Saturday 13 November 2010

Disk management with Logical Volume Manager (LVM)

There is a lot of documentation on how to use Logical Volume Manager (LVM) Online but I'd like to just go over how I've been using LVM to illustrate some of the strengths and weaknesses.

The initial driving issue which made LVM a killer app was for handling large disks. This one system had an older SCSI RAID attached which only supported 2TB drives (a limitation of 32bit LBA, I think) but the sum of the disks (14 x 300GB) was, well, bigger. The equipment basically let me carve the array into 2TB disks. Using LVM, I can add those Physical Volumes (PVs) to a Volume Group (VG) and create Logical Volumes (LV) of any size desired including, ultimately, the total capacity of the RAID.

Another great feature of LVM is snapshots. Generally, a snapshot means you get a temporally fixed view of the file system for special purposes while general use continues unimpeded by storing the subsequent changes separately.
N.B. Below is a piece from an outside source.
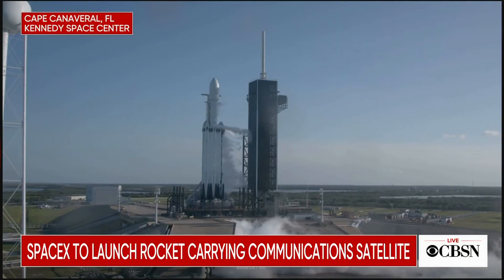We want to take you down to Kennedy Space Center in Cape Canaveral, Florida, where SpaceX is launching a Falcon Heavy rocket carrying a communications satellite. Let's watch.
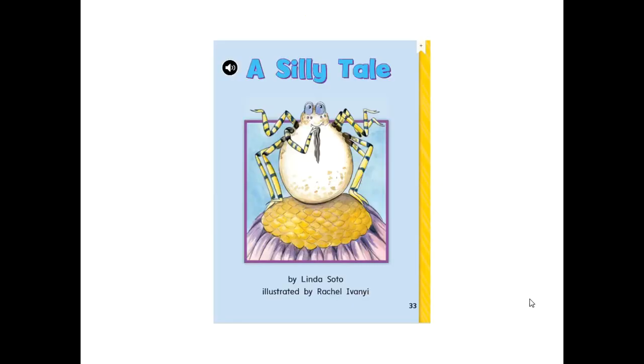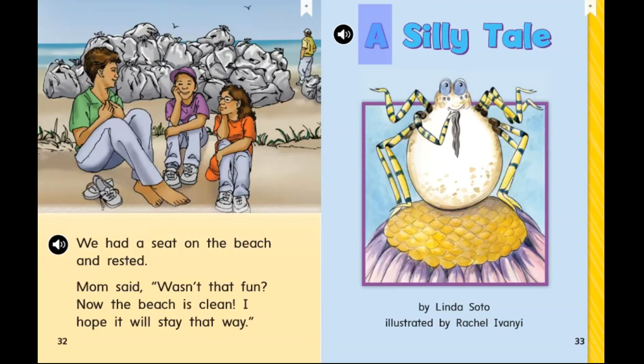Our next activity is to listen to the story A Silly Tale. Please follow along with the reader. You can play this video over and over, and you can work on your fluency and your tracking by listening to the reader read it to you out loud, and then you could even mute the video and read to yourself or read to someone at home. Good luck. A Silly Tale, by Linda Soto, illustrated by Rachel Ivanyi.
So I can take a snapshot and then backup the snapshot which will assure that the filesystem (in the snapshot) is consistent from the time the backup starts to the time the backup finishes. Snapshots can also be used as a facility to simply roll-back files to a previous state. For example, I take a snapshot, run a test application which modifies a file, then restore that file from the snapshot to revert back.

However, LVM snapshots aren't as elegant as they are on some platforms. To create a snapshot, you must first have some unallocated space in your VG. You then allocate that space to the "snapshot" where disk changes since the snapshot can be stored. The bummer, man, is that this is a fixed amount of space you have to have on-hand and if it fills up, your "snapshot" device fails and if you had say a long backup running, you have to restart that backup. Even with this limitation, however, snapshots are still pretty useful. You can sortof figure out what the minimum size you need for a snapshot and ultimately, if you have snapshot space equal to the live system space, you're snapshot will never fill up.

The last feature I'd like to rant about is Online filesystem resizing. Now this is just absolutely great and very useful especially in concert with handling large volumes and managing snapshots. First of all, if you have a hardware RAID controller which lets you add drives and expand existing arrays as an Online operation, LVM is the layer which will let you expand your volumes to suit. There's two ways of doing this and first is to expand an existing block device (e.g. grow your sda from 1TB to 1.5TB) and you have to do this by modifying the partition table. This is slightly tricky but can be done online. The other way is by adding additional devices. Some RAID controllers (good ones) would let you add a second "logical disk" (or "virtual disk" depending on your vendor's jargon). If you add that additional disk, you simply initialize it as a new PV, add it to your VG and then add whatever you want to your LV.

Take the first example I had where the equipment would only allow 2TB devices. So first, you put all your disks in an array, and because you've got a lot of disks, maybe reserve 1 as a hot spare. So your total capacity is (14 disks - 1 hot spare - 1 for RAID-5 parity) * 300GB = 3600GB. You carve out your first LD and it's 2TB and appears in the OS as /dev/sda. Now generally, you should be putting a partition on your drives, to my knowledge, it's not required, but generally accepted that most disk applications will behave saner if they see a partition. Anyhow, so you've got /dev/sda1, so you initialize it (pvcreate /dev/sda1), you create a volume group (vgcreate myvgblah /dev/sda1), and you spin out your first LV (lvcreate -l 100%FREE -n mylv myvgblah). Hooray, you create your filesystem (mke2fs -j -L bigfs /dev/myvgblah/mylv) and mount it for regular use. Now sometime later you fill up that 2TB and realize that there's a pile of unused space. Well, you carve out another LD with the remaining 1.6TB which appears to the OS as /dev/sdb. Generally, I would expect this device to just show up, no rebooting or any crap like that. So you throw a partition on there, initialize the PV (pvcreate /dev/sdb1), add it to the existing volume group (pvextend myvgblah /dev/sdb1). With this free space, you can either add it all (lvextend -l 100%FREE /dev/myvgblah/mylv) or you could add it incrementally (lvextend -L +100G /dev/myvgblah/mylv) reserving free space for snapshots, additional LVs, and future growth.

Very handy to have all your disks in a pool (your VG) and be able to add logical drives (LVs), snapshot your drives, and incrementally expand your drives.